Die beiden haben dabei ein klares Mantra: „Wir sind sehr kostenbewusst“, erläutert Sepp. Im Gegensatz zu vielen Wettbewerbern hat sich Lekker Energie entschieden, IT, Kundenservice, Vertrieb und insbesondere Bestandskundenmanagement im eigenen Haus zu machen, für den Wettbewerb dagegen nicht entscheidende Bereiche in die Cloud-Dienste von Amazon auszugliedern. Das reduziert Kosten und ermöglicht dem Unternehmen, die Kunden langfristig zu betreuen. „Die Kunden bleiben länger bei uns als bei vielen Wettbewerbern“, ist Sepp überzeugt – auf jeden Fall im Schnitt länger als die nötigen drei bis vier Jahre.

 

Fusion von Eon und Innogy hat den Energiemarkt verändert

„Mit der Digitalisierung der Prozesse und der Standardisierung lassen sich die Kosten drücken“, sagt Andreas Stender, Energieexperte von A.T. Kearney: „Große Spieler können das natürlich leichter und profitieren von Skaleneffekten.“ Kleine Spieler werden da nach seinen Worten auf Dauer nicht mithalten, wenn sie keine Nische finden.

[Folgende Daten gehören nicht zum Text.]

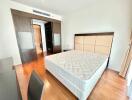 Spacious and bright bedroom with wooden flooring and built-in wardrobe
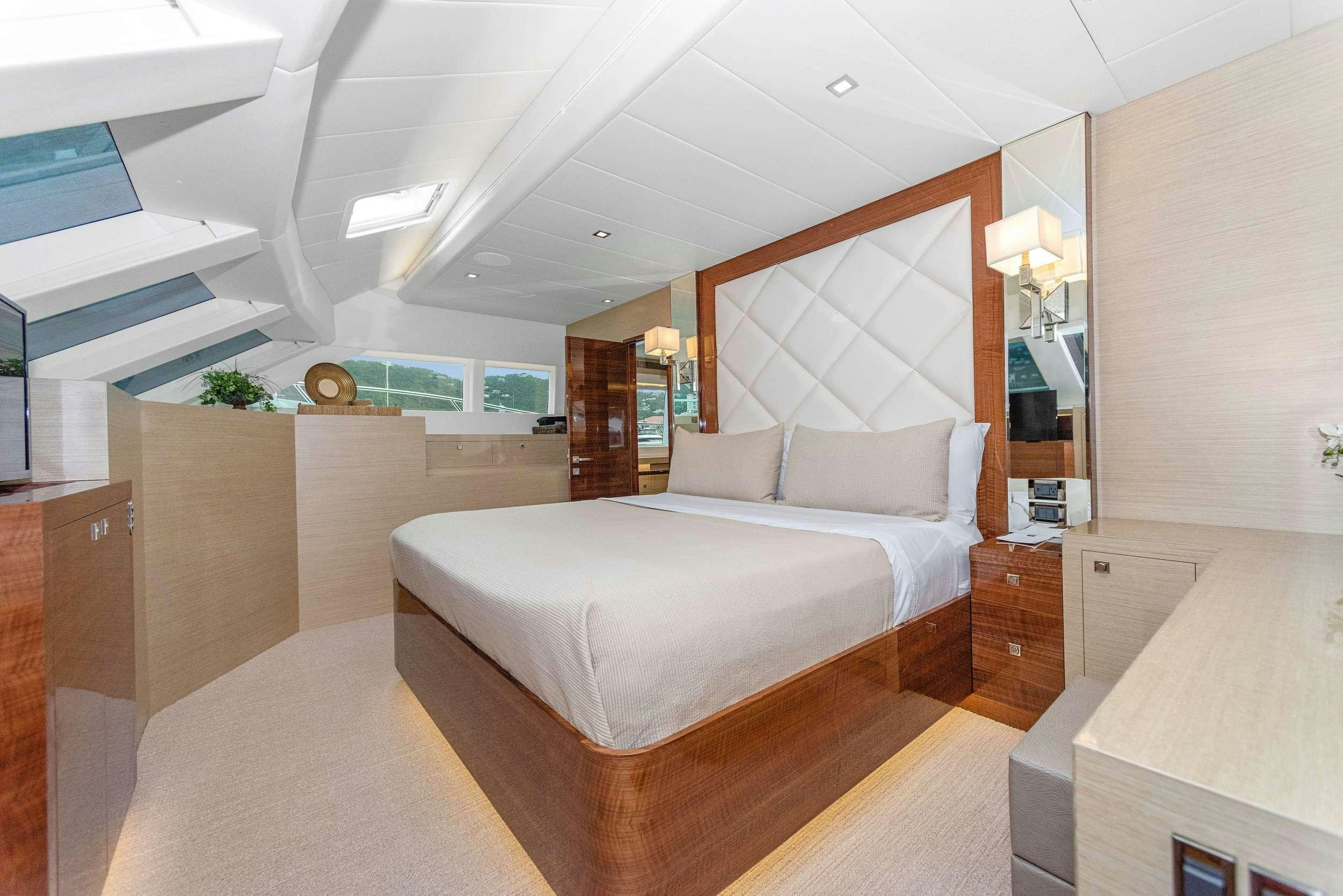 a large bedroom with a large bed aboard SALUS Yacht for Charter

Die größte Fusion auf dem Strommarkt hat es schon im vergangenen Jahr gegeben – und sie wird nach Einschätzung von Experten und Wettbewerbern eine weitere Konsolidierung nach sich ziehen: Mit der Übernahme von Innogy durch Eon ist eine klare Nummer eins auf dem deutschen Energiemarkt entstanden. Mit 14 Millionen Kunden in Deutschland – von insgesamt rund 40 Millionen – liegt Eon deutlich vor den anderen großen Konzernen EnBW und Vattenfall mit jeweils unter fünf Millionen Kunden, und natürlich den großen Regionalversorgern und den bundesweiten Anbietern wie Lekker Energie oder Lichtblick.
Neben der eigenen Marke Eon und den Regionalgesellschaften hat Eon selbst zwei überregional tätige Billigenergieanbieter: Die eigene Marke E Wie Einfach mit rund einer halben Million Kunden und das Unternehmen Eprimo mit 1,6 Millionen Kunden, das mit Innogy in den Konzern gekommen ist.

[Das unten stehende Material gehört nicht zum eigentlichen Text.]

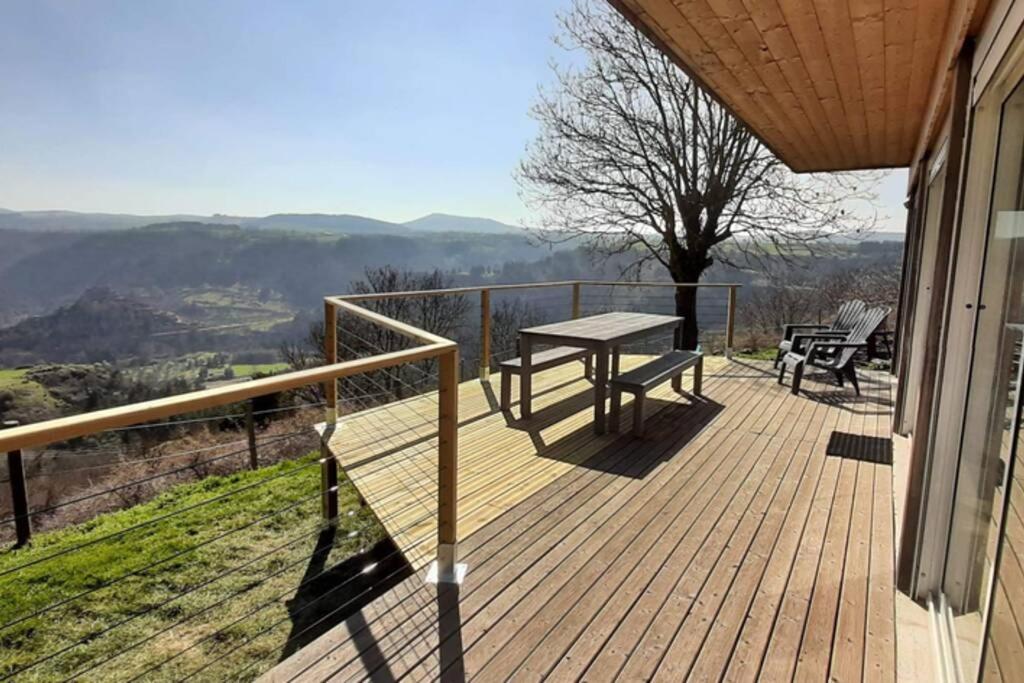 une terrasse en bois avec une table et un banc sur une maison dans l'établissement MacQuart P.O.A. RANCH Gîte de 2 à 8 pers, à Saint-Martin-de-Fugères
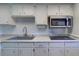 Well-maintained kitchen featuring white cabinets, granite counters, and modern sink at 200 Glennes Ln # 205, Dunedin, FL 34698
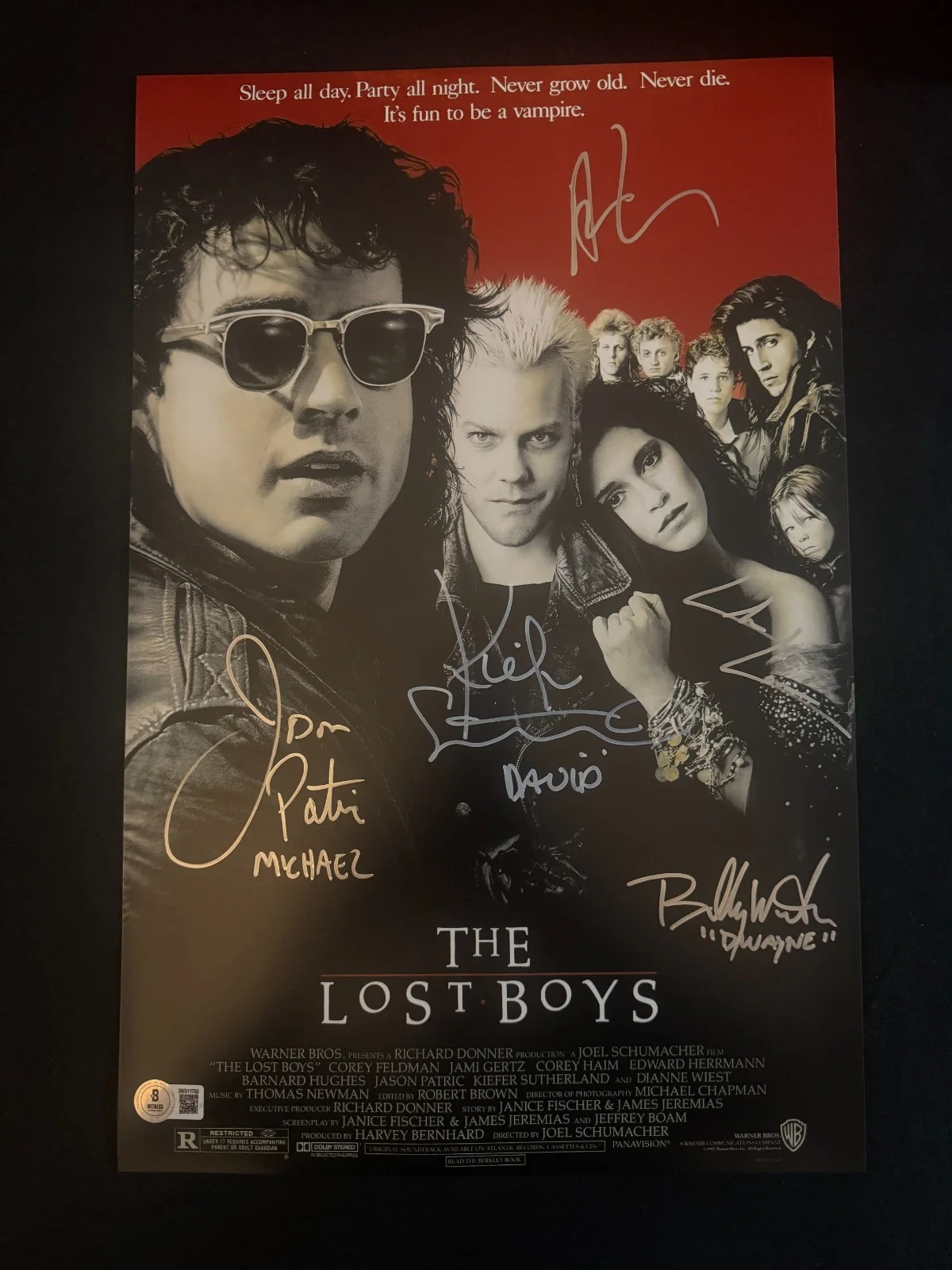 Jason Patric and Kiefer Sutherland — The Lost Boys cast signed (Names in Disc) 11x17 photo W/Beckett witnessed COA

Die Übernahme von Innogy durch Eon habe den Markt schon sehr verändert, sagt Berater Kreutzer. Mit 14 Millionen Kunden habe Eon viel mehr Möglichkeiten. Lekker-Energie-Geschäftsführer Sepp wird deutlicher: „Mit der Fusion von Eon und Innogy ist der Wettbewerbsdruck noch deutlich gestiegen“, sagt der Energiemanager: „Es gibt jetzt einen beherrschenden Spieler mit einer enormen Marktmacht.“

Lekker Energie hatte sich wie andere Unternehmen gegen die Fusion gewehrt und harte Auflagen gefordert. Tatsächlich genehmigte die EU-Kommission die Übernahme aber unter moderaten Auflagen. In Deutschland musste Eon vor allem die Heizstromkunden abgeben, die Lichtblick übernahm. „Die Auflagen für die Übernahme von Innogy waren eher homöopathisch“, sagt Sepp. Aktuell habe sich zwar noch nicht viel getan. Noch seien Eon und Innogy mit sich selbst beschäftigt und müssten die Fusion noch verdauen: „Aber das wird sich schon schnell ändern.“ All die Themen, die Sepp mit Lekker Energie verfolgt, die Digitalisierung, kann Eon mit seiner schieren Größe noch mit ungleich größeren Skaleneffekten erreichen.

 

Stromkonzerne sollten VW und Tesla ernst nehmen

Eon selbst weist die Vorbehalte wie schon während des Genehmigungsprozesses zurück. „Der Kunde hat die freie Auswahl aus – je nach Region – Hunderten von Anbietern. Das zeigt: Der Markt ist sehr lebendig und funktioniert“, erklärte ein Sprecher auf Nachfrage. Eon begrüße grundsätzlich auch neue Anbieter im Energiemarkt und einen fairen Wettbewerb im Sinne der Kunden.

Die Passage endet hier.